Alphabet files allow glam2 and glam2scan to operate on sequences over arbitrary, user-defined alphabets. They also allow residue abundances to be specified. Their format is inspired by that of vmatch. For examples, see robinson.alph and dna.alph in the GLAM2 examples directory.
Note: as soon as you specify an alphabet file, the glam2 programs lose all knowledge about residues' tendencies to align with each other. So, if you use an alphabet file to specify amino-acid or nucleotide abundances, you probably want to specify a Dirichlet mixture file too: recode3.20comp or glam_tfbs.1comp.
In alphabet files, the # character introduces a comment: everything from it to the end of the line is ignored. Otherwise, each non-blank line defines a symbol of the alphabet. The first non-whitespace character on the line is the main character representing the symbol: this is how the symbol is printed. Any characters that follow it without any whitespace are aliases (when reading input). This is optionally followed by whitespace and then a number, indicating the abundance of the symbol. The abundances can be counts, fractions, or percentages: they will be normalized so that they sum to 1. Unspecified abundances default to 1. The final symbol is the wildcard: it is forbidden from appearing in aligned columns, and all characters not defined in the alphabet file are aliases of it. No abundance is defined for the wildcard (any number will be ignored).

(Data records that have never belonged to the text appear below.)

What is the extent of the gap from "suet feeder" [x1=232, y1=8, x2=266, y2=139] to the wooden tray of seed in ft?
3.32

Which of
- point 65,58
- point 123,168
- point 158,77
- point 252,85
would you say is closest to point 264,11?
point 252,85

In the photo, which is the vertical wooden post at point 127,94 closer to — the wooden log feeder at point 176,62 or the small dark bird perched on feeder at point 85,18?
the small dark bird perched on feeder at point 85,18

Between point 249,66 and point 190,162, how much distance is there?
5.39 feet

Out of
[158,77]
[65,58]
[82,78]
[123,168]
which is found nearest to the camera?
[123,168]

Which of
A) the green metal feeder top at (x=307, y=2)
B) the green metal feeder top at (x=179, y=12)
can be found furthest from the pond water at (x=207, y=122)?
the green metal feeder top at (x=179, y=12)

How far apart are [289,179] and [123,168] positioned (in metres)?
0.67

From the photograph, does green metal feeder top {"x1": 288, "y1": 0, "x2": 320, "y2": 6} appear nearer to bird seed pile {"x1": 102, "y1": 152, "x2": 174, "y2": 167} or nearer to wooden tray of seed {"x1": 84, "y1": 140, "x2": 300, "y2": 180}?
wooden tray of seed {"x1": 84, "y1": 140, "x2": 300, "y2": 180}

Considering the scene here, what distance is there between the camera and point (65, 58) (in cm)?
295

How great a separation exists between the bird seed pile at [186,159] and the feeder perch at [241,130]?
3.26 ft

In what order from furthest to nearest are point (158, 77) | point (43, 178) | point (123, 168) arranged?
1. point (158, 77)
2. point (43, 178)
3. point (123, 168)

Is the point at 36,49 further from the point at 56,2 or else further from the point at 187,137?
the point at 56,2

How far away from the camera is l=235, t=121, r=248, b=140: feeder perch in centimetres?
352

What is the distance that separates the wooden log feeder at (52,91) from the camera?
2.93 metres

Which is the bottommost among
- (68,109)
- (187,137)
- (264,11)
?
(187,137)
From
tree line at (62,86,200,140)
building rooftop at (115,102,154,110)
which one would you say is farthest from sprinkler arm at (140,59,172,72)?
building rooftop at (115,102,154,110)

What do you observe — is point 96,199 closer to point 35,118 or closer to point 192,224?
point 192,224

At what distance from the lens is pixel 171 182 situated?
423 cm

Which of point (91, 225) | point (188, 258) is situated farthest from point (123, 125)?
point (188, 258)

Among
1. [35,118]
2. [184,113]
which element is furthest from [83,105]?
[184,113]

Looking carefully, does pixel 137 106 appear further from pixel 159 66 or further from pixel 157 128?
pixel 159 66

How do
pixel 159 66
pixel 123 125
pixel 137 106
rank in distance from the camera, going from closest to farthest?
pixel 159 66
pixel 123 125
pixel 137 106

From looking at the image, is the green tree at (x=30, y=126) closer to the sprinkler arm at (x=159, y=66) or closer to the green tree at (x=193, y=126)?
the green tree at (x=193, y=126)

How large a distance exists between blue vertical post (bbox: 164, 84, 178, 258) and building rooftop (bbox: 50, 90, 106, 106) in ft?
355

The order of the symbols matters when reading Dirichlet mixture files or looking at reverse strands.
The p (protein) alphabet is equivalent to using robinson.alph (and recode3.20comp) in the GLAM2 examples directory. The n (nucleotide) alphabet is equivalent to using dna.alph (and glam_tfbs.1comp) in the GLAM2 examples directory.
When reading sequences in FASTA format, the > character begins the title of the next sequence, which continues till the end of the line. In the sequence itself, whitespace is always ignored, and non-whitespace characters are always part of the sequence: if not defined in the alphabet file, they are interpreted as wildcards.

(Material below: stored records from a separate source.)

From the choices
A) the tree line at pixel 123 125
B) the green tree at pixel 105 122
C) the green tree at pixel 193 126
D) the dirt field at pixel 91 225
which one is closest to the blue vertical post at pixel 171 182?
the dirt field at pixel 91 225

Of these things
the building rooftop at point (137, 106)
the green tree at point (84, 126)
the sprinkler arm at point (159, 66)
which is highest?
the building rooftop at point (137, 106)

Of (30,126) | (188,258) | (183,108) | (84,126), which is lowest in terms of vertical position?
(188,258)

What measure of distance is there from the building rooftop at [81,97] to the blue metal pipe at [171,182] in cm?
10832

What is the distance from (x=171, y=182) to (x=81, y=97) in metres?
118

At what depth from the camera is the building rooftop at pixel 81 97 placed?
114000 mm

glam2 and glam2scan provide options to look at both strands of the input sequences. This may only be meaningful for nucleotide sequences, but is actually defined for all alphabets. The reverse strand is obtained by first reversing the sequence, and then swapping each symbol with its opposite in the alphabet's order (apart from wildcards). Thus, for nucleotides, these symbols are swapped: a:t and c:g. For proteins, these symbols are swapped: A:Y, C:W, D:V, E:T, F:S, G:R, H:Q, I:P, K:N, and L:M.